- Data to use -
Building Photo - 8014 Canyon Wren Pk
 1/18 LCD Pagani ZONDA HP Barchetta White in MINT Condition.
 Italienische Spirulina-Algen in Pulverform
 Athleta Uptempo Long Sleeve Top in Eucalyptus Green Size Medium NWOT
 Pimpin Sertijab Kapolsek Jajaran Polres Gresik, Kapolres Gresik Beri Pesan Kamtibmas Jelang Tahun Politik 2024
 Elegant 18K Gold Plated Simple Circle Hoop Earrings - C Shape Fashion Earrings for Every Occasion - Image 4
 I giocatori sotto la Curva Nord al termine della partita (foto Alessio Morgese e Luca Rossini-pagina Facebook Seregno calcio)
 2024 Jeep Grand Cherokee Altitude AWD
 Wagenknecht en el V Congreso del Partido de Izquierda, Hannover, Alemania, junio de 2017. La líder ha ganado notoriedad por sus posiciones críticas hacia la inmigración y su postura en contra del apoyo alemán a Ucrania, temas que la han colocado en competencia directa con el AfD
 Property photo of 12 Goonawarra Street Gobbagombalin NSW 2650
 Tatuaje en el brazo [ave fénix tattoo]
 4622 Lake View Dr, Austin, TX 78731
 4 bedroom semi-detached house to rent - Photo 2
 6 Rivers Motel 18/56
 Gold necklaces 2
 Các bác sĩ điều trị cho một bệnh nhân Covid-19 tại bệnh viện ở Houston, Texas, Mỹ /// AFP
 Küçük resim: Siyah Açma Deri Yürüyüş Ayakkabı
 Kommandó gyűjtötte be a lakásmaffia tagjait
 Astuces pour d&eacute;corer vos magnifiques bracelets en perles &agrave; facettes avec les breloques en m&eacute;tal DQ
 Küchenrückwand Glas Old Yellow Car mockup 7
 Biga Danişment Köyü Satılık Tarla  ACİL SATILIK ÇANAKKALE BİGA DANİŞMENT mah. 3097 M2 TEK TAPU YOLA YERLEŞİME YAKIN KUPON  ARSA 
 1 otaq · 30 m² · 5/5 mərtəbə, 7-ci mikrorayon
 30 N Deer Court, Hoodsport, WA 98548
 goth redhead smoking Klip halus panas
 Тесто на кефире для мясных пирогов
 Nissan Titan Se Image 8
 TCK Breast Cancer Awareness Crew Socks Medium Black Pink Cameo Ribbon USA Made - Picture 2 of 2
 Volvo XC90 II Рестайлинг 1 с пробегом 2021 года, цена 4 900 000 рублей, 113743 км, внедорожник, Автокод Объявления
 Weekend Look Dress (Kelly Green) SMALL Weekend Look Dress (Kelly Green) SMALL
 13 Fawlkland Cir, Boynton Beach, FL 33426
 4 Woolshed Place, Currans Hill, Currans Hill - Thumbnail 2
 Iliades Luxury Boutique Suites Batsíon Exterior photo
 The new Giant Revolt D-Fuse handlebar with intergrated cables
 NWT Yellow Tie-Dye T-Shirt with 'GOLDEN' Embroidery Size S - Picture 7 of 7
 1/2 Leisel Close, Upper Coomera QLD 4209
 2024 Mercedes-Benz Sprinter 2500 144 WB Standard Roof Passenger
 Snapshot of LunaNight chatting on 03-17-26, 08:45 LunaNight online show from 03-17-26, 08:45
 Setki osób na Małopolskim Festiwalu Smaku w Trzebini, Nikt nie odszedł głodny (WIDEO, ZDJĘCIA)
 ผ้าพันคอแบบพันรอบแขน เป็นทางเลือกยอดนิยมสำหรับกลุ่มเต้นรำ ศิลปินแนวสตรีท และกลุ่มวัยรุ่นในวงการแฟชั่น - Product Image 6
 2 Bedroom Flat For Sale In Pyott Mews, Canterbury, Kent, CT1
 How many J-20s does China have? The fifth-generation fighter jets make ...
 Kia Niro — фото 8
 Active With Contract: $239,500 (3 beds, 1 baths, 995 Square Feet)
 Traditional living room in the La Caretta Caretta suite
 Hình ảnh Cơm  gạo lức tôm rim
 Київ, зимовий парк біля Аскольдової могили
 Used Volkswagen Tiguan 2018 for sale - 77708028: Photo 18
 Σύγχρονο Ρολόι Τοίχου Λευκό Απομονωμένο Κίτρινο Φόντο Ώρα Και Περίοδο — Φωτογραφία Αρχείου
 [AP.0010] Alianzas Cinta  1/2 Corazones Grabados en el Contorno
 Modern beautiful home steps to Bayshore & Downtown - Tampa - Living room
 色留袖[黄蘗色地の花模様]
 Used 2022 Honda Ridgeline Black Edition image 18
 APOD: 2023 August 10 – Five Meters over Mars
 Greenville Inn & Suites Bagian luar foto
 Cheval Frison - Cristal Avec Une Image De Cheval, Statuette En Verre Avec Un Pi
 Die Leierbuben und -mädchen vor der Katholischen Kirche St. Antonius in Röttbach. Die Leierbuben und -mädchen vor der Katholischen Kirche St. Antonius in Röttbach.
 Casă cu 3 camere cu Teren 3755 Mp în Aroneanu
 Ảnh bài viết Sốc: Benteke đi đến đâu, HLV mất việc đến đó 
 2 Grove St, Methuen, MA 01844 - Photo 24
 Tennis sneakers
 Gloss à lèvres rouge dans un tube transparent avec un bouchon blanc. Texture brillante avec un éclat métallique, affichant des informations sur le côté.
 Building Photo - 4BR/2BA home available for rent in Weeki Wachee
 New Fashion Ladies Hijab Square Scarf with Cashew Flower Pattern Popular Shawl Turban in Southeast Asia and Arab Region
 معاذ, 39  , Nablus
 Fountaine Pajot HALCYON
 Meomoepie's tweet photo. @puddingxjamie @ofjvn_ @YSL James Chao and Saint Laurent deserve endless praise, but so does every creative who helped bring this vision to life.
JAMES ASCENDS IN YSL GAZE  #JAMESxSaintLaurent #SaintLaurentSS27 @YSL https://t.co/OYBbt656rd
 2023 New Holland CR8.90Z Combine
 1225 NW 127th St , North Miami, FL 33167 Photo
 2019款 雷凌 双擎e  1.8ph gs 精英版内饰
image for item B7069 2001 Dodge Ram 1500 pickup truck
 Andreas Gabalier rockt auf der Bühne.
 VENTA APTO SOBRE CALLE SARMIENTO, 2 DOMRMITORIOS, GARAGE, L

- Work to be completed -
Your task is to restate, word for word, only those lines above that fall between the line holding "4622 Lake View Dr, Austin, TX 78731" and the line holding "Product Image 6", inclusive.

- Your solution -
 4622 Lake View Dr, Austin, TX 78731
 4 bedroom semi-detached house to rent - Photo 2
 6 Rivers Motel 18/56
 Gold necklaces 2
 Các bác sĩ điều trị cho một bệnh nhân Covid-19 tại bệnh viện ở Houston, Texas, Mỹ /// AFP
 Küçük resim: Siyah Açma Deri Yürüyüş Ayakkabı
 Kommandó gyűjtötte be a lakásmaffia tagjait
 Astuces pour d&eacute;corer vos magnifiques bracelets en perles &agrave; facettes avec les breloques en m&eacute;tal DQ
 Küchenrückwand Glas Old Yellow Car mockup 7
 Biga Danişment Köyü Satılık Tarla  ACİL SATILIK ÇANAKKALE BİGA DANİŞMENT mah. 3097 M2 TEK TAPU YOLA YERLEŞİME YAKIN KUPON  ARSA 
 1 otaq · 30 m² · 5/5 mərtəbə, 7-ci mikrorayon
 30 N Deer Court, Hoodsport, WA 98548
 goth redhead smoking Klip halus panas
 Тесто на кефире для мясных пирогов
 Nissan Titan Se Image 8
 TCK Breast Cancer Awareness Crew Socks Medium Black Pink Cameo Ribbon USA Made - Picture 2 of 2
 Volvo XC90 II Рестайлинг 1 с пробегом 2021 года, цена 4 900 000 рублей, 113743 км, внедорожник, Автокод Объявления
 Weekend Look Dress (Kelly Green) SMALL Weekend Look Dress (Kelly Green) SMALL
 13 Fawlkland Cir, Boynton Beach, FL 33426
 4 Woolshed Place, Currans Hill, Currans Hill - Thumbnail 2
 Iliades Luxury Boutique Suites Batsíon Exterior photo
 The new Giant Revolt D-Fuse handlebar with intergrated cables
 NWT Yellow Tie-Dye T-Shirt with 'GOLDEN' Embroidery Size S - Picture 7 of 7
 1/2 Leisel Close, Upper Coomera QLD 4209
 2024 Mercedes-Benz Sprinter 2500 144 WB Standard Roof Passenger
 Snapshot of LunaNight chatting on 03-17-26, 08:45 LunaNight online show from 03-17-26, 08:45
 Setki osób na Małopolskim Festiwalu Smaku w Trzebini, Nikt nie odszedł głodny (WIDEO, ZDJĘCIA)
 ผ้าพันคอแบบพันรอบแขน เป็นทางเลือกยอดนิยมสำหรับกลุ่มเต้นรำ ศิลปินแนวสตรีท และกลุ่มวัยรุ่นในวงการแฟชั่น - Product Image 6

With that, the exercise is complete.